In this exercise, print only the lines of the records below from the one with "Mieszkanie 2-pokojowe, Wysoka gm. Kobierzyce" through the one with "2023 Volkswagen Transporter", inclusive. Pictures are not part of the copy.

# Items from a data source
--------------------------------
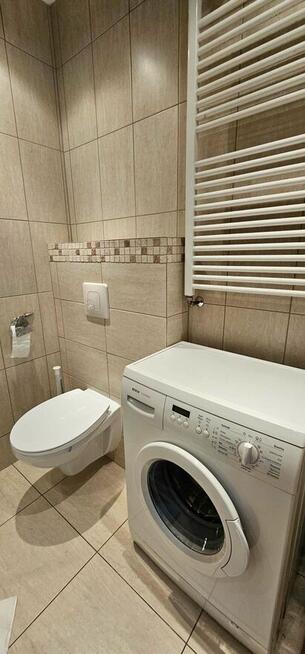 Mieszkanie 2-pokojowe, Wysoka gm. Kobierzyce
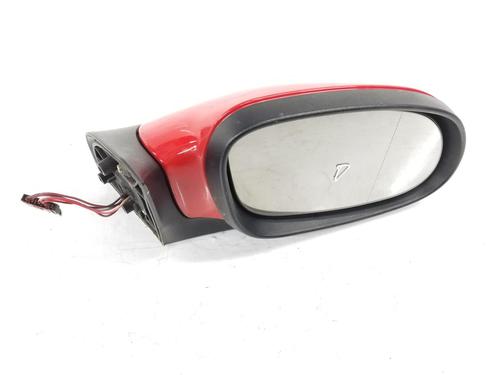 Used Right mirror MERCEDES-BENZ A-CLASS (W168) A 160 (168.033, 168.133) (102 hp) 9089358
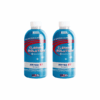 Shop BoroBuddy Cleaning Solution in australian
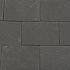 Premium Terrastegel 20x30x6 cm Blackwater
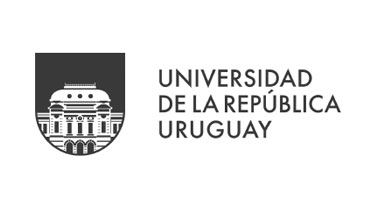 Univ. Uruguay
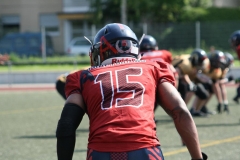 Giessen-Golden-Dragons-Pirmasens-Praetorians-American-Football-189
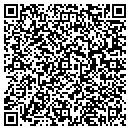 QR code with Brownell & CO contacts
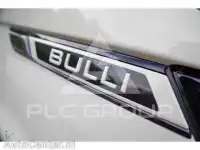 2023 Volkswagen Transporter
--------------------------------
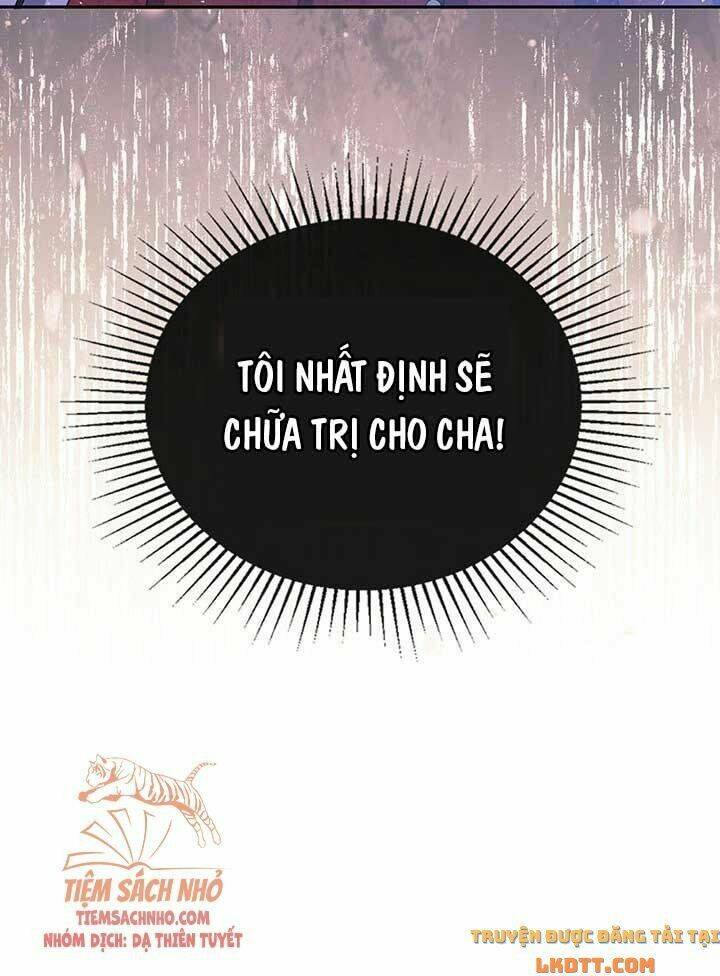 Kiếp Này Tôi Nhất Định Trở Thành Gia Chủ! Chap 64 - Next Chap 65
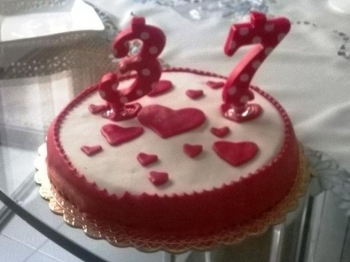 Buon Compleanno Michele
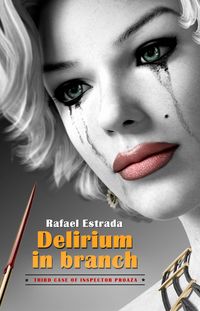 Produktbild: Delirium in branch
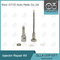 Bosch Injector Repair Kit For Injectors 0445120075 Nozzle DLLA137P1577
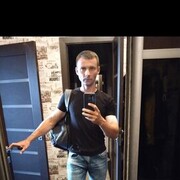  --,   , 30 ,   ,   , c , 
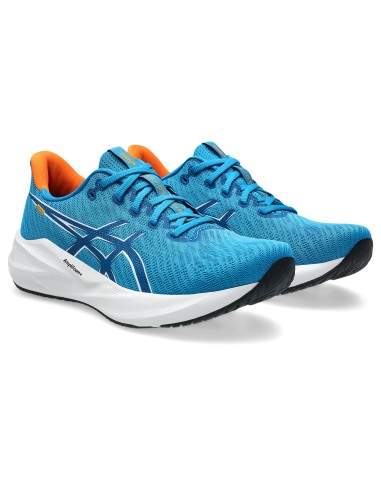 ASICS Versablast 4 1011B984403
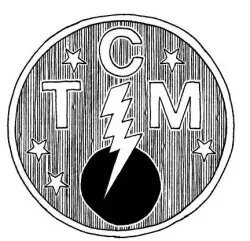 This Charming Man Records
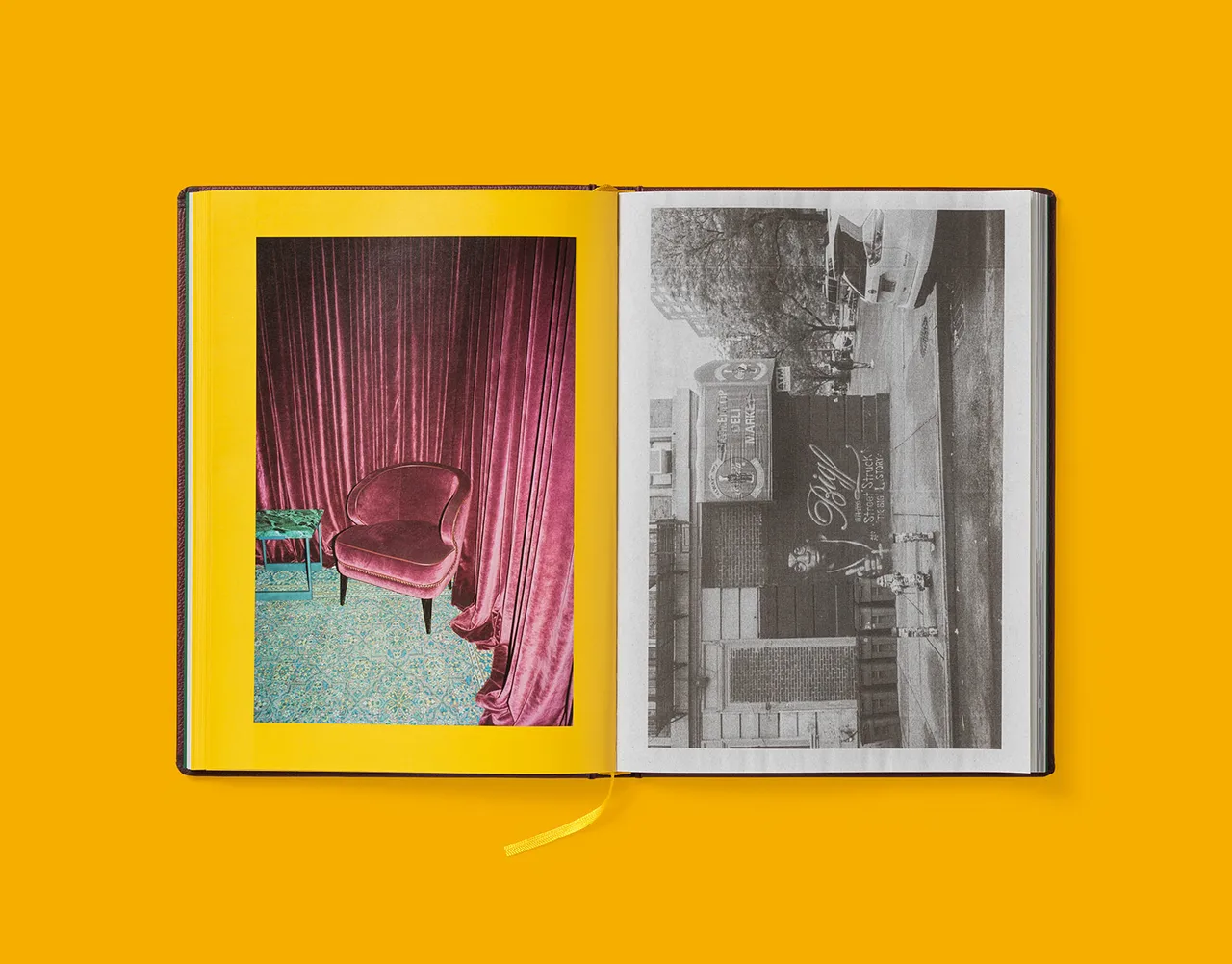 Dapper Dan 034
--------------------------------
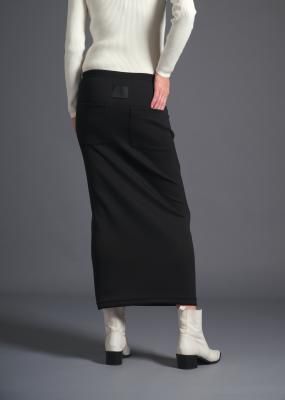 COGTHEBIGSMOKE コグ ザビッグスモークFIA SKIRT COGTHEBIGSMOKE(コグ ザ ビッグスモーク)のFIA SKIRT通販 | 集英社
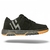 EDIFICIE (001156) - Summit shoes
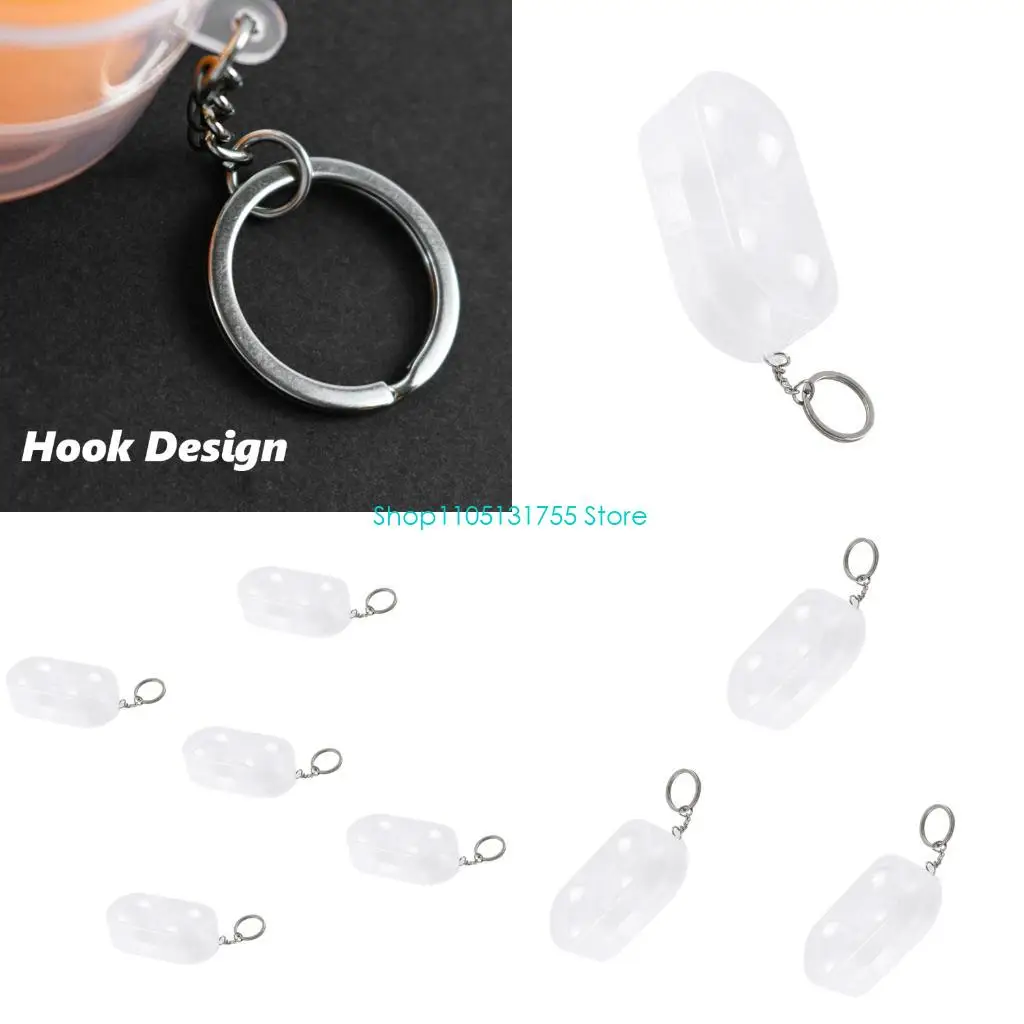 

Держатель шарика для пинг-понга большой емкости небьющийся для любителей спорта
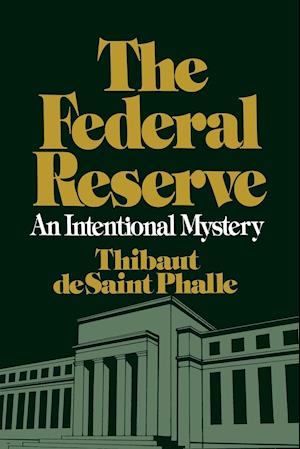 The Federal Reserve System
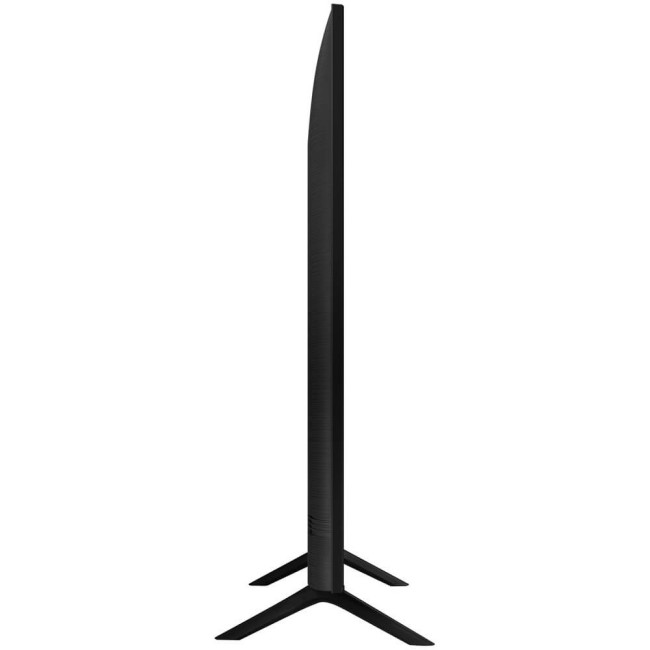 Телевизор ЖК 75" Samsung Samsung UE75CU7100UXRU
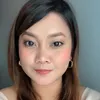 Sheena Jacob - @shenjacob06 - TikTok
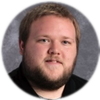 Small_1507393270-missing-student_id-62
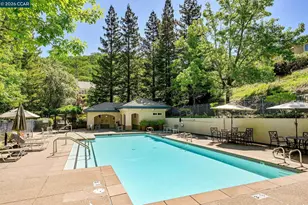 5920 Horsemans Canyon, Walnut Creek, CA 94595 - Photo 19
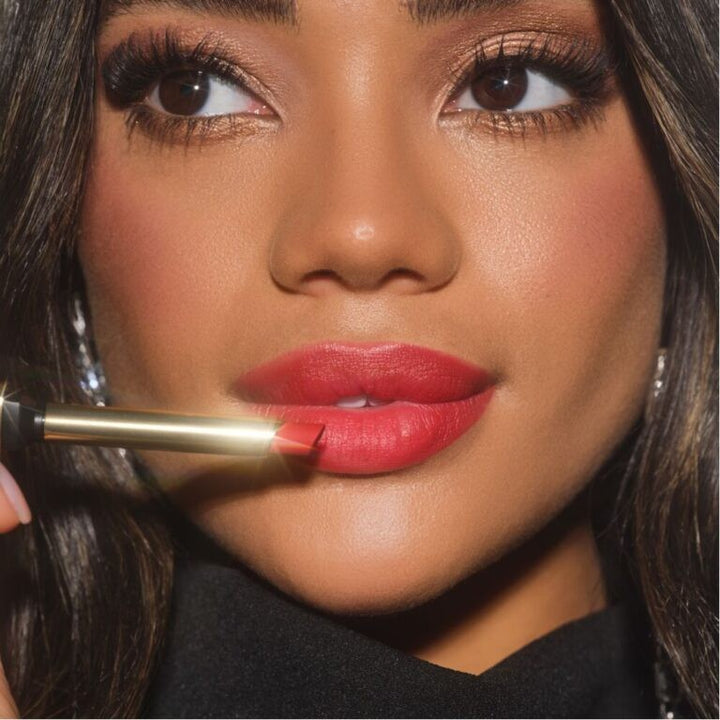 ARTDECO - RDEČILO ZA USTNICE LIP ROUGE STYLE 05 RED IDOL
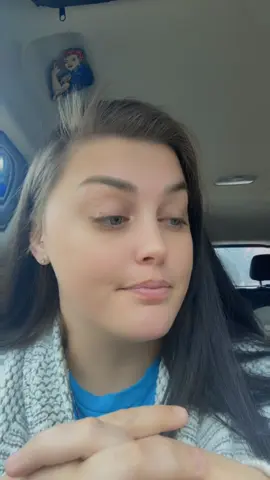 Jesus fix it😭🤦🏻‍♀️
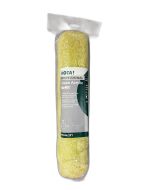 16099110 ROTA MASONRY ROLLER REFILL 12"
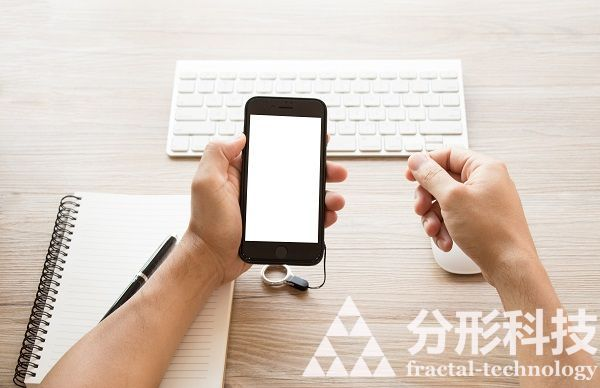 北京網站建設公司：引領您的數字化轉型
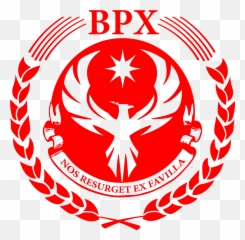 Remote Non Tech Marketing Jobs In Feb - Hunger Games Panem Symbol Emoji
--------------------------------
# COMPLETED EXERCISE
 Mieszkanie 2-pokojowe, Wysoka gm. Kobierzyce
 Used Right mirror MERCEDES-BENZ A-CLASS (W168) A 160 (168.033, 168.133) (102 hp) 9089358
 Shop BoroBuddy Cleaning Solution in australian
 Premium Terrastegel 20x30x6 cm Blackwater
 Univ. Uruguay
 Giessen-Golden-Dragons-Pirmasens-Praetorians-American-Football-189
 QR code with Brownell & CO contacts
 2023 Volkswagen Transporter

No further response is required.